Last but not least, here also Google is your best friend.  Search By Name, Sort it to places and all, And finally add, site:facebook.com 

Hope that helps


----------



## coderunknown (Sep 4, 2012)

above trick mayn't work
*i.imgur.com/fkIbX.jpg


----------



## kool (Sep 4, 2012)

thank you guys, will try all above methods.


----------



## axes2t2 (Sep 4, 2012)

Don't do this facebook thing right away.

Mind your own business in the gym and do not greet with 'hi,hello' to her everyday.
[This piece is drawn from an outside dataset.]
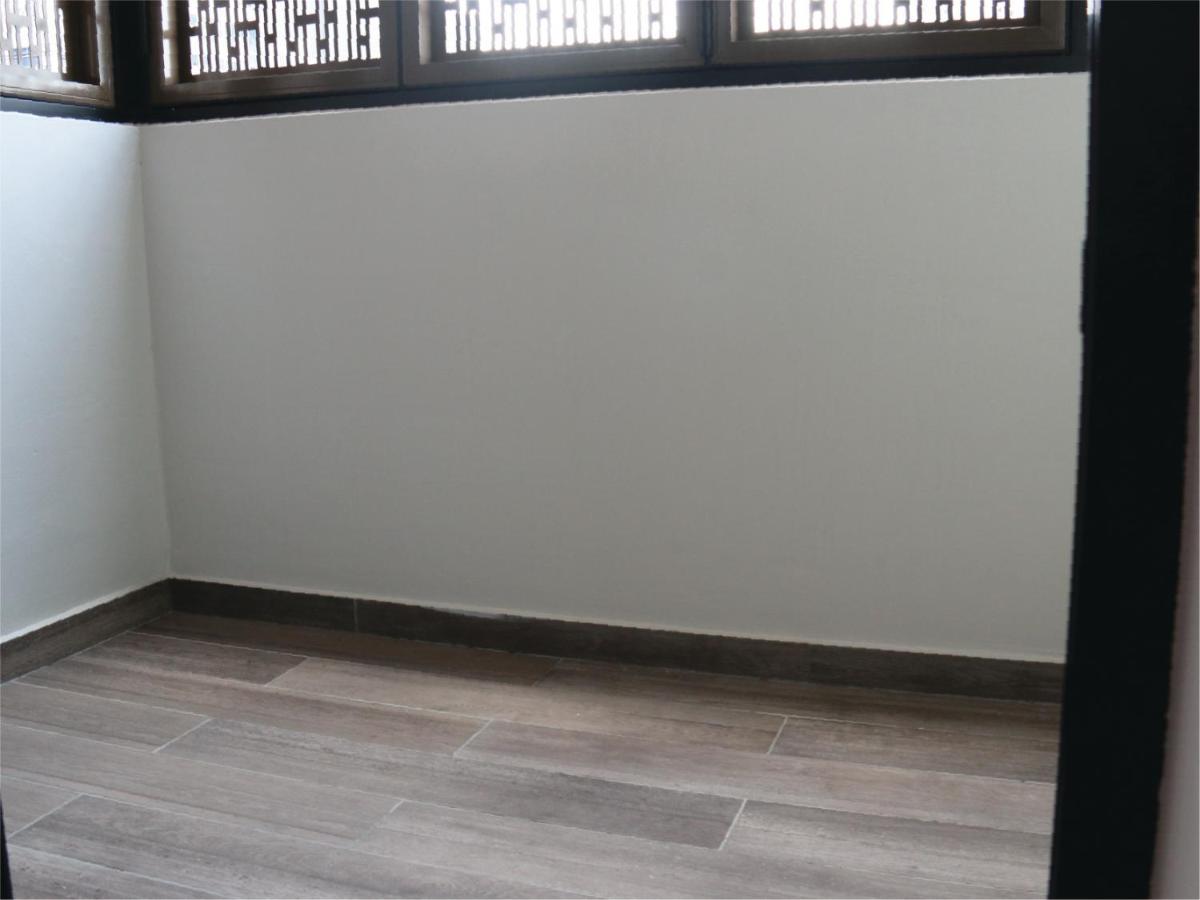 Aqueen Prestige Hotel Lavender سنغافورة المظهر الخارجي الصورة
Make small talk first when you and her are both relaxing and if she is not talking to anyone else.


----------



## krishnandu.sarkar (Sep 4, 2012)

Sam said:


> above trick mayn't work
> *i.imgur.com/fkIbX.jpg



Thanks..!! I didn't knew that


----------



## Kl@w-24 (Sep 4, 2012)

axes2t2 said:


> Don't do this facebook thing right away.
> 
> Mind your own business in the gym and do not greet with 'hi,hello' to her everyday.
> 
> Make small talk first when you and her are both relaxing and if she is not talking to anyone else.



Yes. Adding her immediately on FB will make you look needy. That's how you get friendzoned.


----------



## kool (Sep 5, 2012)

axes2t2 said:


> Don't do this facebook thing right away.
> 
> Mind your own business in the gym and do not greet with 'hi,hello' to her everyday.
> 
> Make small talk first when you and her are both relaxing and if she is not talking to anyone else.




wohooooo....... !!! finally i talked to her, and came to know that she is 2year elder than me. God knows how she maintains her age & figure, by mistake i said my less age. But i'll keep trying on her.  and thank u guys for ur help.


----------



## Faun (Sep 5, 2012)

Q: Who ask a girl's age first ?
A: kool


----------



## rhitwick (Sep 5, 2012)

You can search people by their email id in facebook.
Just enter the exact email id in search field and that particular profile would be infront of you.

I don't understand why you guys are making it so complicated!


----------



## axes2t2 (Sep 5, 2012)

Don't forget that there are other people in the gym also.Talk to them too. 

Also when you talk to her the 4-5th time gaze at her lips for 2-3 secs.


----------